- What is needed -
Starting at the line that contains "You must check" and stopping at the line that contains "One is your", transcribe every line of the material below exactly; pictures stay out.

════════════════

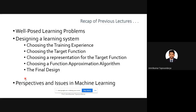We also discussed perspectives and issues in machine learning — what algorithm can exist for learning a specific target function, what algorithm performs best for what type of problems, what is the best way to reduce the learning tasks to one or more function approximation problems, and whether these things can be automated or not.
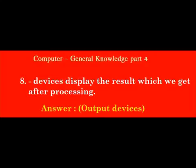Dash devices display the result which we get after processing. Answer: Output Devices.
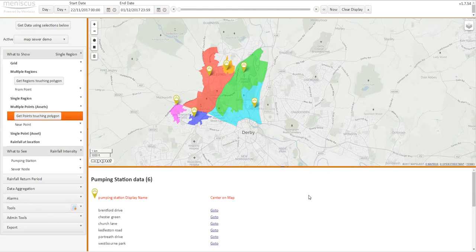Welcome to this introduction video to MapSewer, which is our cloud-based analytics application for predicting flows in sewers and is built using our Maniscus analytics platform.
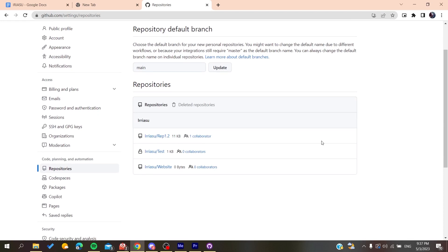So basically this is how you can see all your shared repositories on GitHub. Thank you for watching and see you next time.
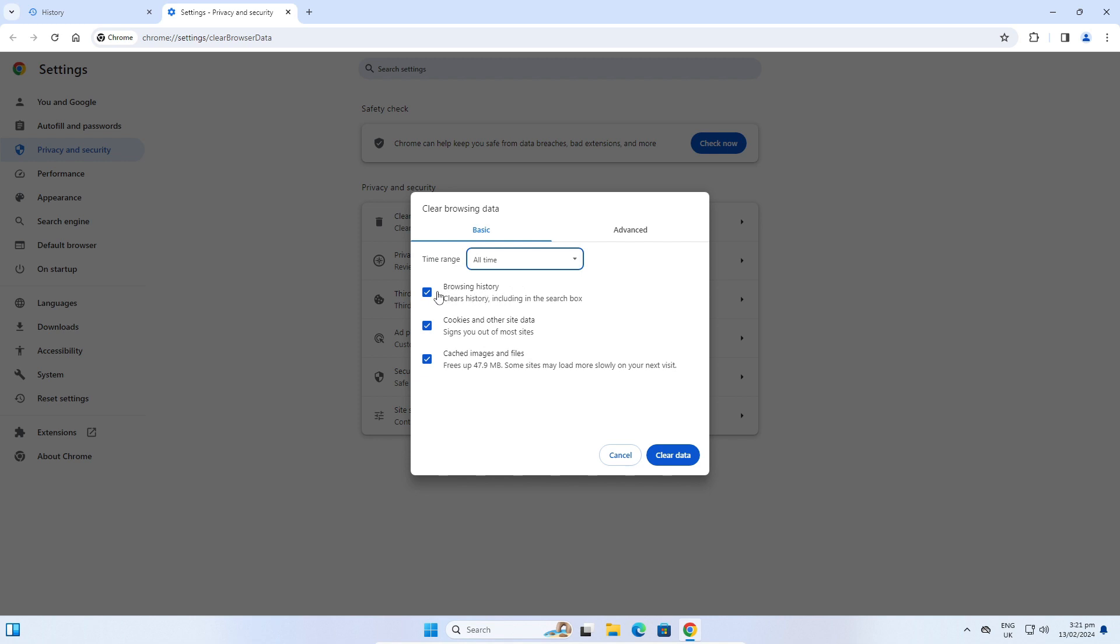You must check the box next to browsing history. There are also checkboxes for cookies and other data, and cached images and files. Now you must click on this blue button, Clear Data. I will click Clear Data.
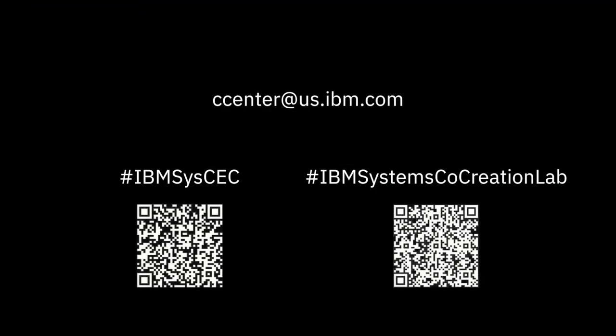Follow the links on screen to learn more about what the client experience centers can do for you. Thank you.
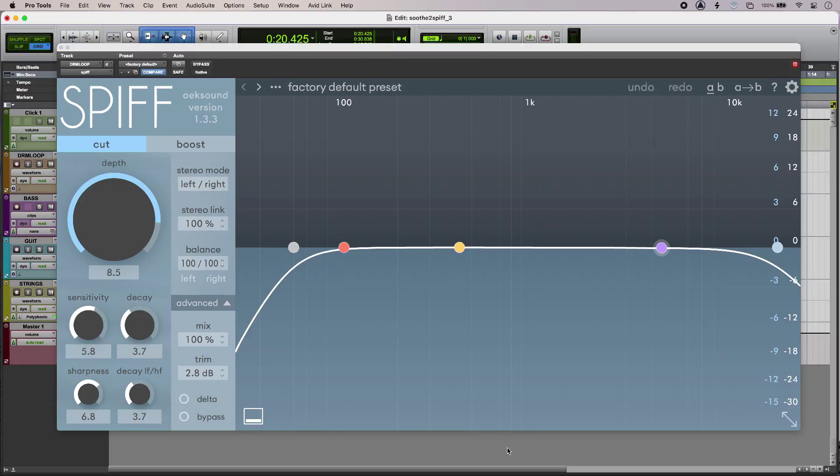I'm using Spiff in cut mode to de-emphasize the close mics and push back my drum loop for a more ambient sound. Let's have a listen.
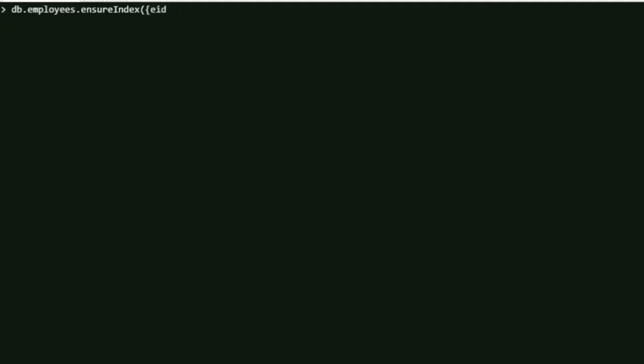One is your field name on which you want to have the index on, and the second one is whether you want to have it in an ascending way or in a descending way.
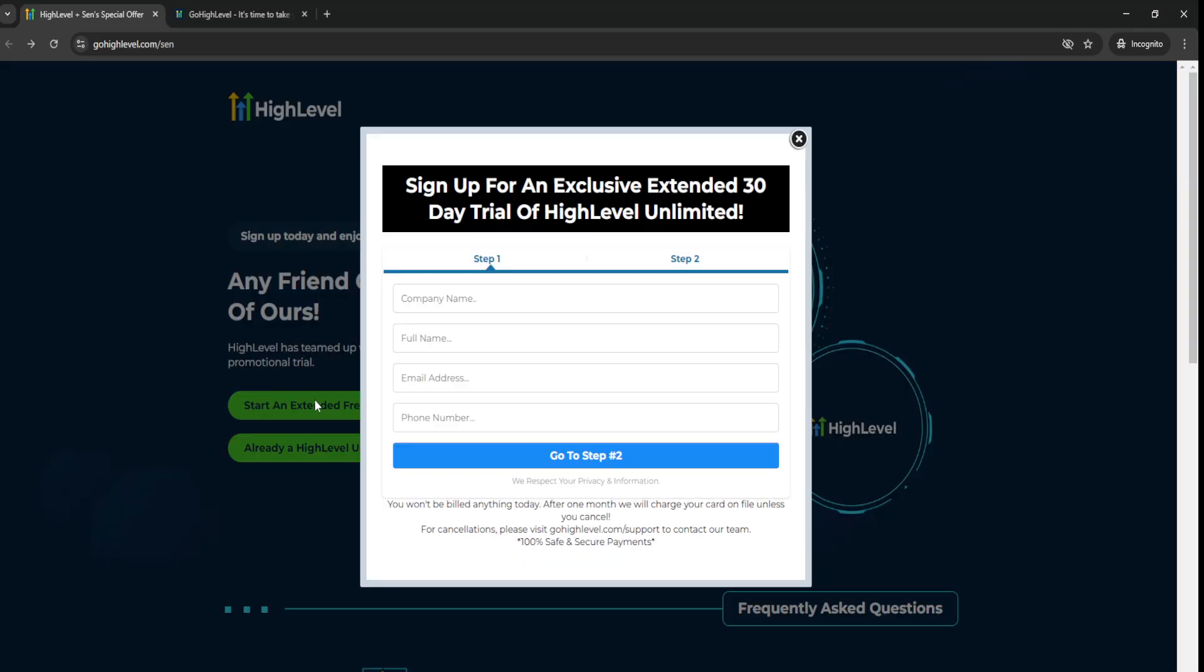You just click on the start and extend the free trial option, put in your details, and then create your account. As you can see, sign up for an exclusive extended 30-day free trial of Go High Level.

════════════════

- Exercise output -
You must check the box next to browsing history. There are also checkboxes for cookies and other data, and cached images and files. Now you must click on this blue button, Clear Data. I will click Clear Data.
Follow the links on screen to learn more about what the client experience centers can do for you. Thank you.
I'm using Spiff in cut mode to de-emphasize the close mics and push back my drum loop for a more ambient sound. Let's have a listen.
One is your field name on which you want to have the index on, and the second one is whether you want to have it in an ascending way or in a descending way.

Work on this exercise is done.